Brief: Although the entries contain pictures, repeat only their words, exactly as written.

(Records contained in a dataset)

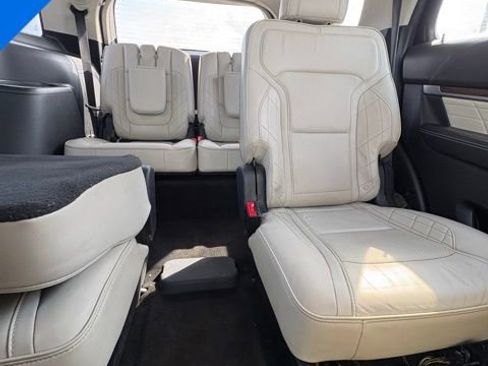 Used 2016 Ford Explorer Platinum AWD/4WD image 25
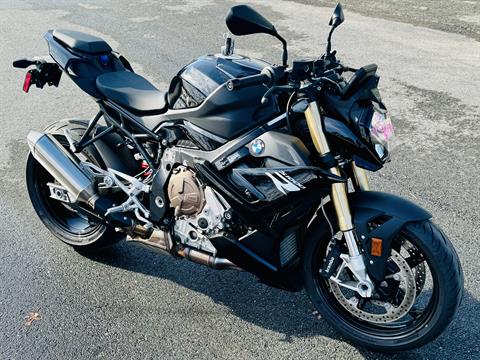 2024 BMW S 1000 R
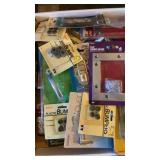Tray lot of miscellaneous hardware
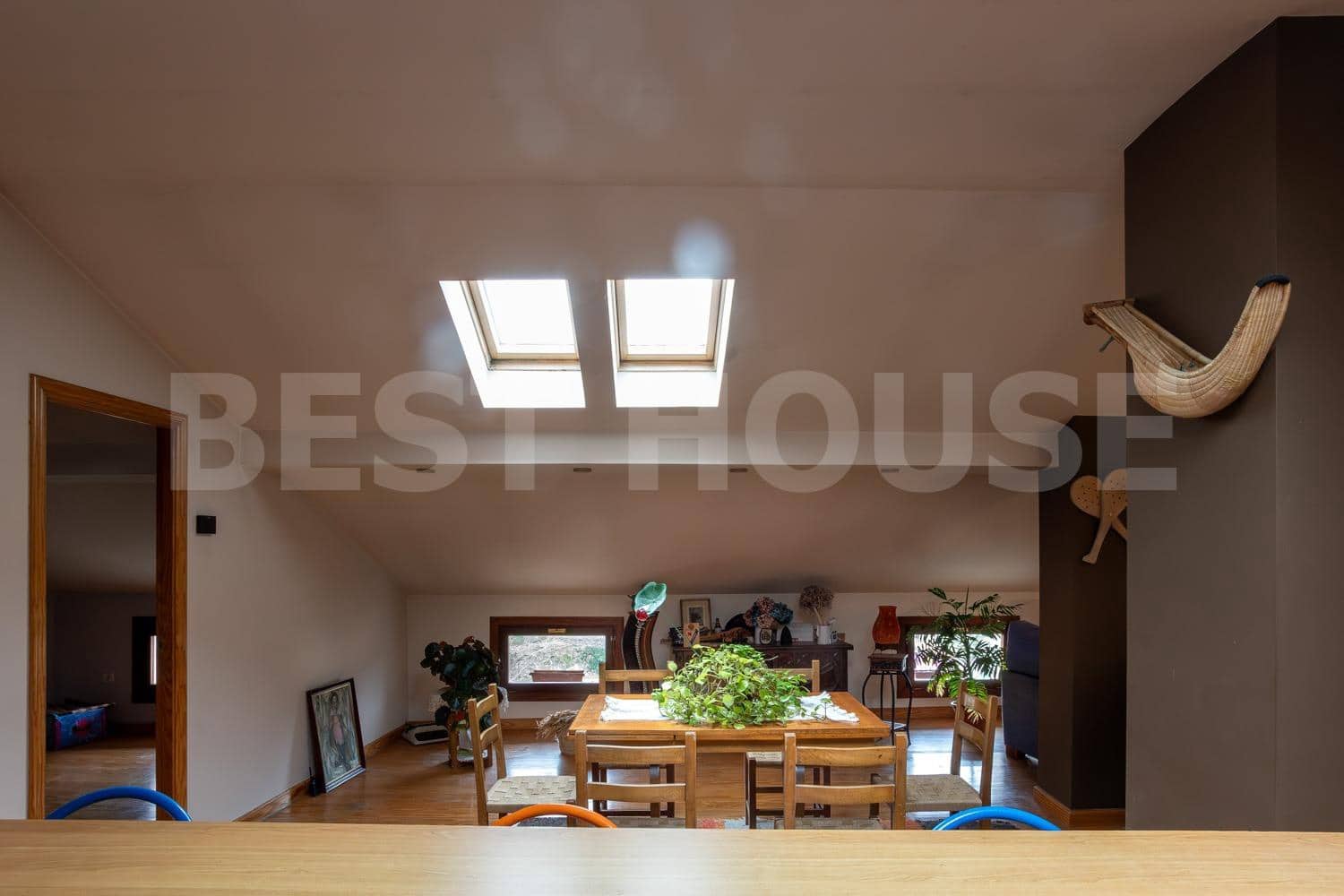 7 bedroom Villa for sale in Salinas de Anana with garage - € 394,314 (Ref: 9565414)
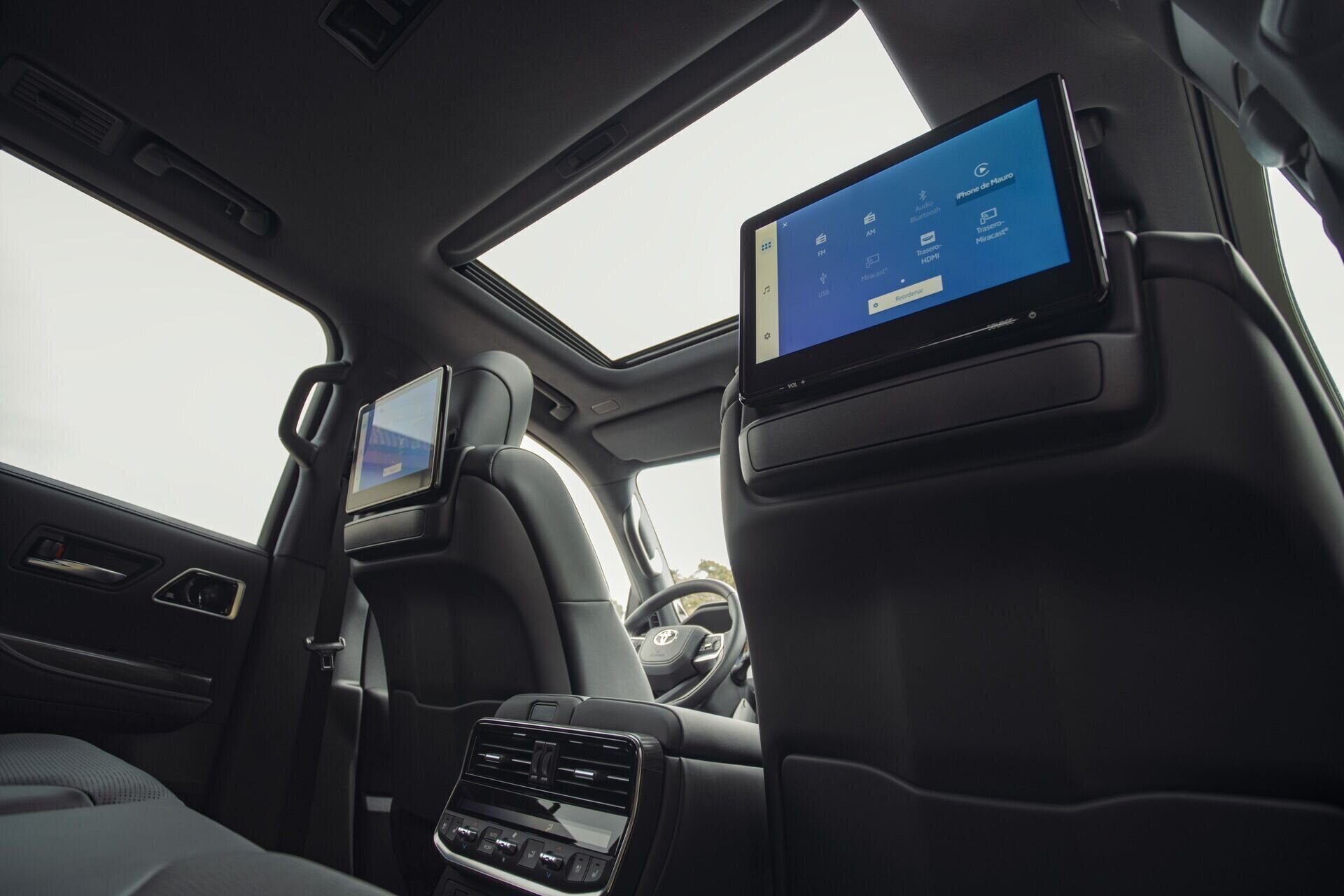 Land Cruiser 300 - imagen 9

Your response:
 Used 2016 Ford Explorer Platinum AWD/4WD image 25
 2024 BMW S 1000 R
Tray lot of miscellaneous hardware
 7 bedroom Villa for sale in Salinas de Anana with garage - € 394,314 (Ref: 9565414)
 Land Cruiser 300 - imagen 9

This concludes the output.